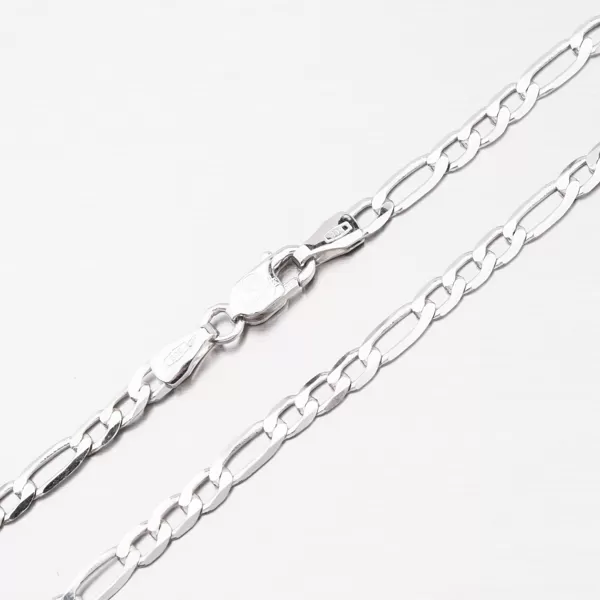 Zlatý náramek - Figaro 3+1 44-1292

==

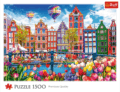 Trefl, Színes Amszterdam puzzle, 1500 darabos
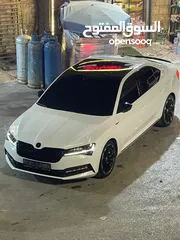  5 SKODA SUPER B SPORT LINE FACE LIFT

...

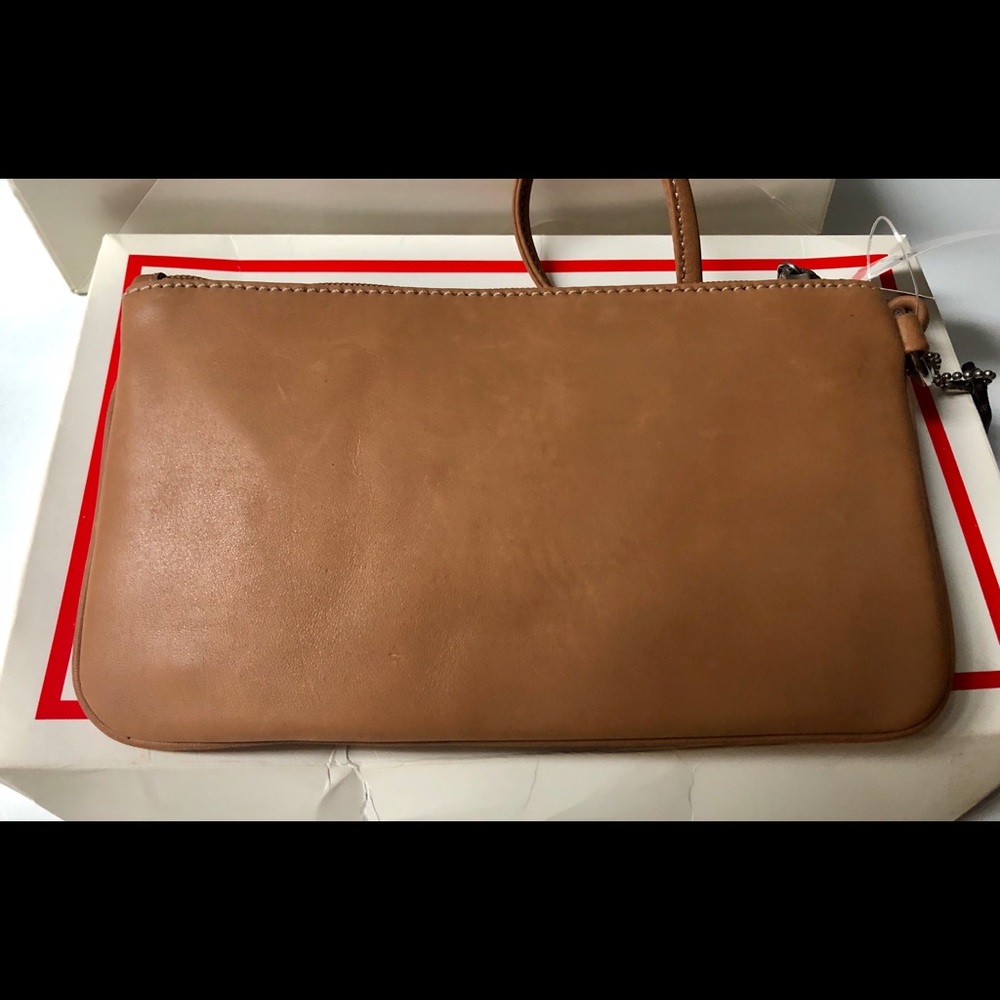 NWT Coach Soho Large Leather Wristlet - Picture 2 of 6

WORK REQUEST:
Beginning with the line that contains "Trefl, Színes Amszterdam", write out the lines of the material above exactly, and end with the line that contains "5 SKODA SUPER B SPORT LINE FACE LIFT". Omit the pictures.

TASK OUTPUT:
 Trefl, Színes Amszterdam puzzle, 1500 darabos
  5 SKODA SUPER B SPORT LINE FACE LIFT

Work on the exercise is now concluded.